Specifically, the Iterative Imputer was employed with XGBoost Regressor as the predictive estimator, which is known for its robust performance in handling missing values. Specifically, a machine learning-based iterative imputation approach combining the Iterative Imputer with the XGBoost Regressor was employed to conduct precise missing value estimation that accounts for nonlinear inter-variable relationships. This approach improved the accuracy and consistency of imputation compared to traditional statistical methods. As a result, samples with missing values could be retained, thereby improving both model reliability and data utilization.

2.3.2. Categorical Variable Encoding

Categorical variables such as speed limit, road surface condition, collision direction, and vehicle body type were converted using one-hot encoding to make them suitable for DNN input. To address the issue of category sparsity caused by variables with many unique values, only the top 10 most frequent categories were retained per variable, and the rest were grouped into an “Other” category. This category reduction strategy was implemented to reduce sparsity, prevent overfitting, and enhance model generalization.

2.3.3. Continuous Variable Normalization

Scale differences among continuous variables can lead to inefficient weight updates and hinder convergence in neural network training. Therefore, standardization was applied using scikit-learn’s StandardScaler, transforming variables to have a zero mean and unit variance. Target variables included traffic volume, road length, lane width, and traffic density.
This normalization improved training stability, optimized the initial weight distribution, and enhanced optimization performance, ultimately improving the predictive accuracy.

2.3.4. Dataset Splitting

To enhance generalization and prevent overfitting, five-fold cross-validation was used. The dataset was split into five equal parts. In each iteration, one fold served as validation while the remaining four were used for training.
This method offers the following key advantages over single train–test splits:
  • Elimination of bias in the model performance estimation and enhancement of the generalization capability;
  • Reliable performance estimation, as all data samples were included once in validation;
  • Robust evaluation even when outliers or imbalanced data are present.
Performance was evaluated using metrics including MSE, MAE, and R2, and fold-to-fold consistency was analyzed to assess model stability. After tuning the neural network structure and hyperparameters, the final model was trained on the full dataset and saved for subsequent analysis
Additionally, variable importance analyses using both Random Forest and XGBoost validated these selections, and the results were consistent with the literature-based rationale. Travel speed, vehicle type, and road surface condition were identified as the most influential predictors for λ , while AADT, truck volumes, and traffic density were dominant for N a .
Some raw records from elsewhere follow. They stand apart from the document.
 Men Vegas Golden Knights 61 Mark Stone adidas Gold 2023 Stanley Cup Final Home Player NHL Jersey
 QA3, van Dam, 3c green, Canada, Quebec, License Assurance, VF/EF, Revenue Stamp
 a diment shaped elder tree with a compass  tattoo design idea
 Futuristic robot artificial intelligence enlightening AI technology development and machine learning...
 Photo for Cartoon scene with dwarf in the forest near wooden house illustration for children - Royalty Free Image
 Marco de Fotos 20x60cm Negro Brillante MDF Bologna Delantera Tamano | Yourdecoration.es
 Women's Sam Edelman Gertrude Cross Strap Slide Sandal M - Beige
3. Theoretical Basis for Crash Frequency Prediction

Crash frequency ( F i ) refers to the average number of traffic accidents occurring on a specific road segment over a given time period. It serves as a key indicator in traffic safety analysis and policy development. F i can be quantitatively expressed using the following basic formulation:
F i = N a × λ ,
In this formulation, N a (exposure frequency) denotes the number of opportunities for crashes to occur, commonly measured by physical exposure indicators such as AADT, road length, and lane count. λ (crash risk rate) is a dimensionless parameter representing the likelihood of a crash occurring under specific conditions. It is calculated based on multiple environmental and driver-related factors, including vehicle speed, surface condition, vehicle type, time of day, and weekday. This multiplicative structure is grounded in the Safety Performance Function (SPF), as introduced in the Highway Safety Manual (HSM) by AASHTO and the Federal Highway Administration (FHWA) [14,15]. The SPF framework separately estimates N a and λ before combining them to predict F i , a methodology widely adopted in both academic research and engineering practice.
Lord and Mannering (2010) emphasized in their review that structurally separating λ and N a offers interpretability advantages, particularly when addressing nonlinearity, over-dispersion, and variable interaction effects [2]. Modeling λ and N a separately allows complex crash factors to be accounted for flexibly and transparently. Miaou (1994) applied this structure within a negative binomial (NB) regression framework for truck crash analysis. In that study, N a was estimated using AADT and road geometry, while λ reflected the truck type and driving conditions, yielding better accuracy and interpretability than the conventional Poisson model [4]. Later studies extended this structure using statistical methods such as empirical Bayes estimation, Markov switching models, and zero-inflated models [2,5].
While retaining the same theoretical structure, this study introduces a deep learning-based approach to address the limitations of traditional statistical models. Traditional Poisson regression assumes equidispersion, where the mean equals the variance, but crash count data typically exhibit over-dispersion [16]. Negative binomial (NB) regression introduces a dispersion parameter to partially address this issue, yet it still relies on a linear–log structure that limits its ability to capture complex nonlinear relationships [7,8]. These limitations, repeatedly documented in traffic safety research [5,16], motivate the adoption of more flexible approaches such as deep neural networks. Accident and traffic volume data were modeled separately to estimate λ and N a , respectively. For the N a estimation, the conventional SPF was extended to incorporate not only AADT but also traffic density, heavy vehicle proportions, lane count, and lane width. The crash risk rate ( λ ) was estimated using a multilayer perceptron (MLP)-based deep neural network that learns nonlinear relationships among input variables, including impact speed, vehicle type, and road condition.
This dual-structured approach provides superior interpretability and predictive accuracy compared to single-regression methods [19]. It is also well suited to address the complexity, imbalance, and high dimensionality of real-world traffic data.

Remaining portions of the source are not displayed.